WHAT YOU ARE ASKED TO DO:
Your copy of the lines below must match them exactly and contain no images.

SOURCE MATERIAL:
---------------

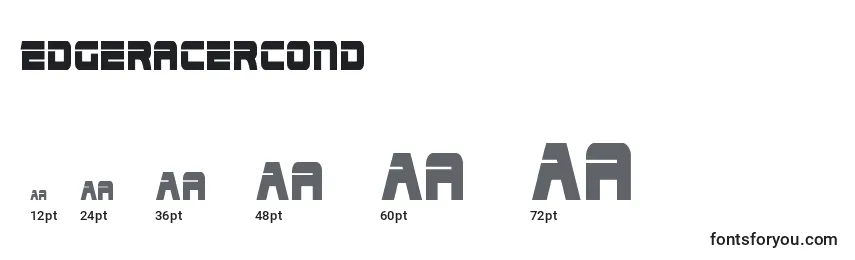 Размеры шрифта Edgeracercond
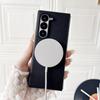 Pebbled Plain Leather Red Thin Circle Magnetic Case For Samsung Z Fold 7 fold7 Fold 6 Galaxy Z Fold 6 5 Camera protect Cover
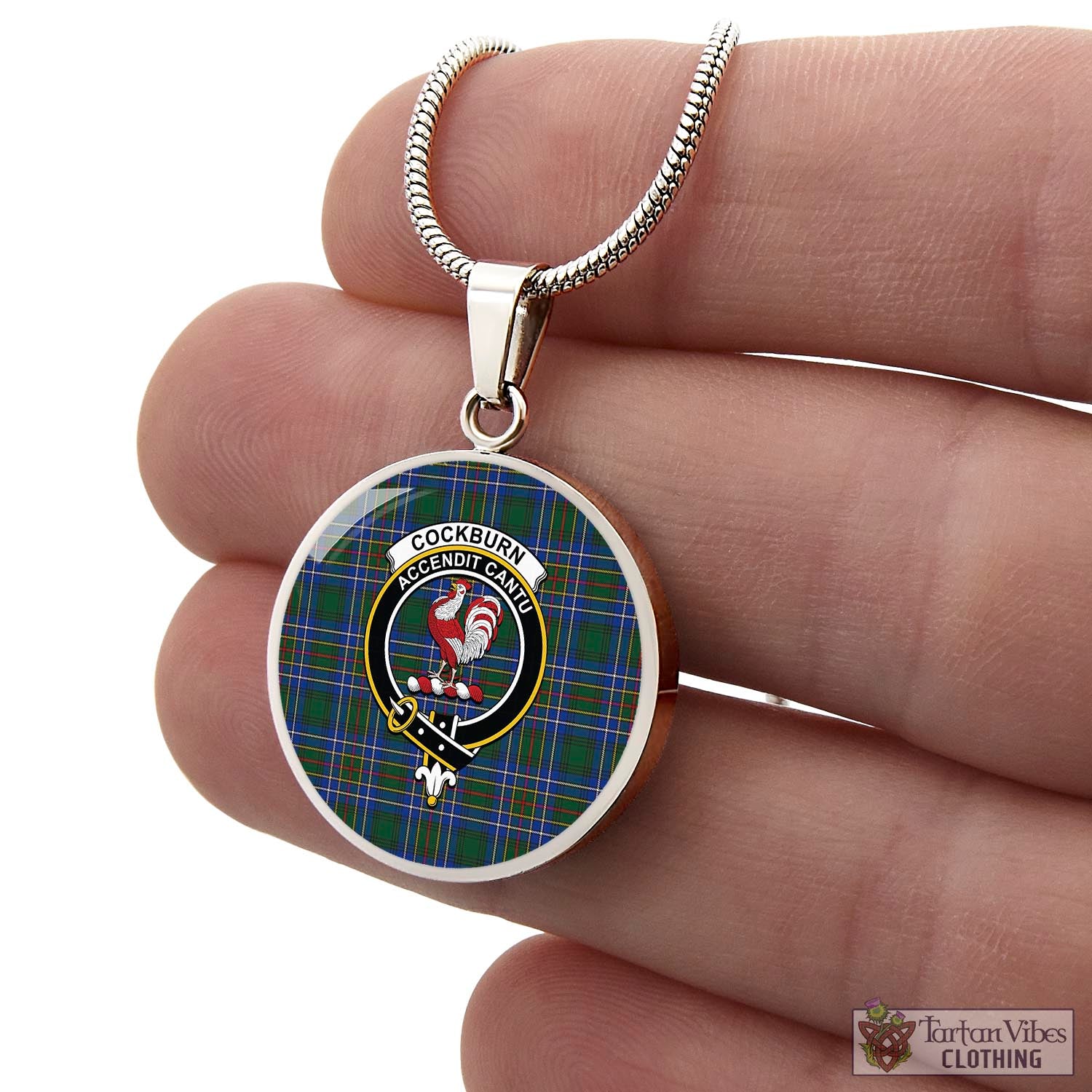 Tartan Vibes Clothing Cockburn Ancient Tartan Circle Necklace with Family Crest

---------------

SOLUTION TO THE EXERCISE:
 Размеры шрифта Edgeracercond
 Pebbled Plain Leather Red Thin Circle Magnetic Case For Samsung Z Fold 7 fold7 Fold 6 Galaxy Z Fold 6 5 Camera protect Cover
 Tartan Vibes Clothing Cockburn Ancient Tartan Circle Necklace with Family Crest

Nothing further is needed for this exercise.